There are other ways of dealing with economic problems in individual countries. Even though a country gives up its right to change monetary policy, it still retains the
right to change its fiscal policies. This means that EMU countries will still be able to
change how much tax the people pay. If it a member state experiences difficulties then the national governments of other EMU member can raise their taxes therefore increasing the purchasing power of those members, who are then in a position to help out its neighbour. They can also expect help from the European Union budget but is only a small amount accounting for only 1.2% of EU GDP.
Probable creation of serious problems for peripheral EU regions and nations. That is, greater economic and financial integration, which the move toward the euro will entail and encourage, is likely to increase the geographical concentration of economic activities at the core of the EU area where sound infrastructure and the main market are located enticing large firms. These benefits are not present in peripheral regions and lead to increased economic inequalities between the centre and the periphery. Southern Italy, Scotland, Northern Sweden, and even entire peripheral countries, such as Greece, Portugal, and Finland, are likely to become relatively poorer.
Specifically, peripheral areas and countries are likely to lose their best-trained professionals, who would be attracted to the higher salaries and the better career opportunities in the EU core areas inducing further loss of specialisation.
Similarly, because of the smaller risks and the likelihood of higher returns, the savings of the peripheral areas may flow to and be reinvested in the EU core regions.
It will also get increasingly difficult for industries in peripheral areas to effectively compete with EU core. Such progressive relative impoverishment of peripheral areas is evident with many EU member nations, but the process is likely to gain momentum as the European Union moves toward a truly integrated system. EU regional policies to help peripheral areas are not likely to be sufficient to reverse the trend toward greater interregional inequality.
Many firms will have to increase in size to obtain economies of scale, so that they may be able to compete.
Finally, the inevitable result will be decreased national income and increased unemployment in the peripheral economies.

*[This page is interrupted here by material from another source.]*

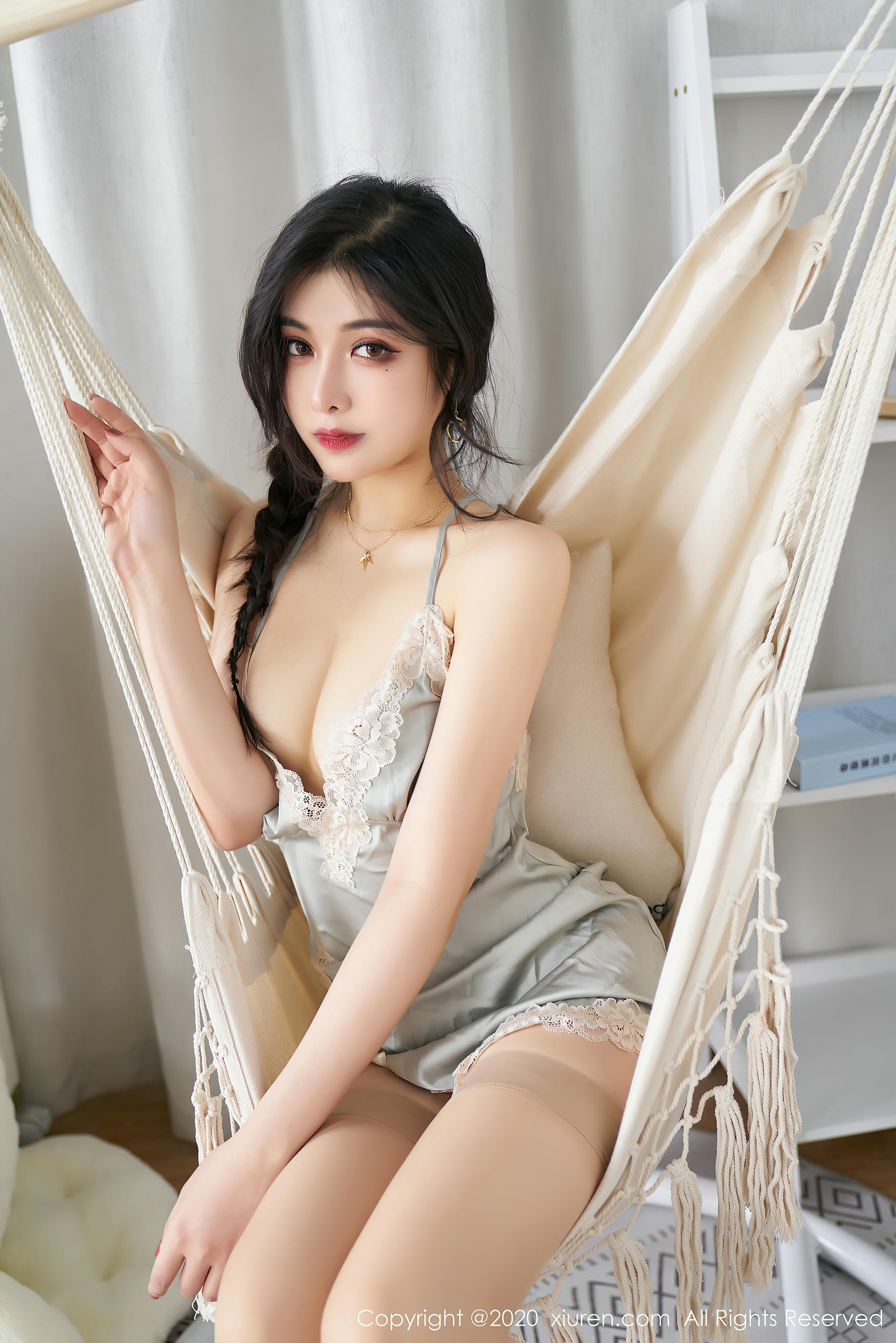 XIUREN秀人网  2020.11.04 NO.2737 韩静安[50+1P／460MB]_第2集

The financial market crisis which started in August 2007 subjected the EMU to severe economic and political fragmentations. So far the EMU has worked far better than many sceptics expected even with the rapid slow down in inter and intra- EU trade. The benefits compared to the costs are quite clearly more favourable for the EU Since the EU implemented the euro in 1999-2002 the members of the EMU have increased from eleven to sixteen, with EU members increasing to twenty-seven. These first EMU members not only elected to be apart of the first truly integrated monetary system it the birth of the euro but its member have also grown, showing that many countries have found that they too came conclusion that the advantages exceeded the disadvantages. Confidence and positive speculation in the euro have been stimulated from the growth in trade, stability, and relatively low inflation during the last eleven years. Even the major recession of the last decade and only hindered its growth with the euro having strong exchange rates with both the pound sterling and the US dollar. The only worrying thing for me is the negative effect the EU is having on the periphery. The introduction of the European Monetary union and euro as signalled a momentous step in the intensification of globalisation. With the integration of capital, labour, trade being at the heart of EU develops the future for the EMU looks healthy.